There are many historical oddities in Weston that most residents would not know. Fortunately, the town has Karin Gianniti of the Weston Historical Society, a woman who is dedicated to preserving and sharing Weston’s history.
A lifelong resident of 67 years, Ms. Gianniti says her passion for Weston’s history has grown stronger as she has surrounded herself with it during her 25 years at the historical society. Ms. Giannitti serves as the society’s collection manager, and displays Weston’s artifacts and mysteries in her exhibits.
The Weston Historical Society is geared to be a visit back in time, and Ms. Giannitti ensures that visitors’ experiences are highly authentic and educational.
Open to the public at the society’s headquarters is an antique barn filled with old farm tools dating from when Weston was a booming agrarian town.
Also open to visitors of the Coley Homestead is the fully furnished Coley house, an authentic farmhouse of the mid-19th Century.
There is a rumor that humans aren’t the only visitors to the Coley house. Many have felt upon visiting that they were not alone in the house, and even Ms. Gianitti admits to a time when there may have been a spiritual presence in one of its rooms.
“I attempted to close the drawer of a cabinet containing old maps of Weston, and it would just fly back open. This happened four times in a row until I shouted at what I jokingly thought to be a ghost, and it stopped,” said Ms. Gianitti.
Since 1982, the Weston Historical Society has published The Chronicle, a historical pamphlet released tri-annually, uncovering much of Weston’s fascinating past. As editor of The Chronicle, Ms. Gianniti is dedicated to digging through Weston’s historical archives to find timely or captivating pieces of Weston’s history.

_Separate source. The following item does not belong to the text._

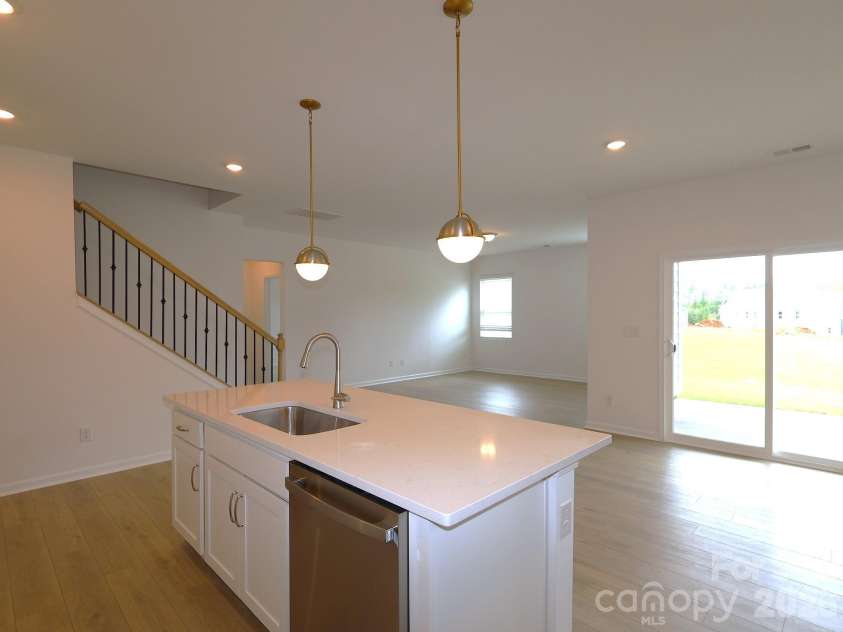 2178 Clifton Road, Sherrills Ford, NC 28673.  MLS# CAR4394891, YatesRealty ID 32120. Kitchen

The goal of the pamphlet, according to Ms. Giannitti, is “to give historical insight and keep people aware of what is going on at the Weston Historical Society. Today, The Chronicle continues to feature aspects of the town as it once was, reaching back as far as its inception in 1787. It is what she discovers rummaging through the archives that inspires her writing and presentation of old photographs and artifacts in the newsletter, Ms. Gianniti said.
“My ideas for The Chronicle often fall into my lap as I find or learn something truly interesting about Weston,” Ms. Gianitti said. “Finding new artifacts, and sharing them with the public is one of my favorite parts about working at the historical society.”
Articles in The Chronicle are often timely, corresponding with anniversaries of historical events or a certain holiday or time of year.
Next year, Ms. Giannitti plans to commemorate the 60th anniversary of the Hurlbutt fire. In 1953, Weston’s original Hurlbutt School building burnt down, a devastating loss for the town.
A Chronicle was released in honor of the 30-year anniversary of the fire, and Ms. Gianniti plans to continue the tradition of including landmark historical events in future issues.
The spring 2012 issue includes the history of the Saugatuck Reservoir, and the sunken village of Valley Forge beneath.
In 1938, the community of families, businesses and working forges in Valley Forge was dismantled and relocated by the Bridgeport Hydraulic Company in its effort to provide a water source for towns south of Weston.
Many Westonites rallied against the construction of the reservoir, and the Saugatuck Valley Association was created, taking the case to court — where they lost.
Another issue of The Chronicle from summer 2011 highlights what school life was like in Weston decades ago. Excerpts from the “Hurlbutt Review,” a student publication from 1935, were featured, providing a younger generation’s perspective of the time period.
In a poem written by a seventh grade girl at the time, she expresses her love of listening to the radio, saying that doing so is “better than reading books or playing table pool.”
Additionally, this issue includes an eighth grade final exam from 1895 — which is far more difficult than one might expect. Split into four sections (arithmetic, orthography, U.S history and geography), the exam includes questions such as, “How do you account for the extremes of climate in Kansas?” and “Show the territorial growth of the United States.”
As Ms. Giannitti humorously commented in this issue, “No wonder they dropped out after eighth grade.”
Benefits of membership
Receiving the unique historical information that The Chronicle provides is one of the benefits of becoming a member of the Weston Historical Society.
The society is looking forward to several upcoming events, including its quilt show this weekend and “A Country Afternoon” with live music on Saturday, June 2.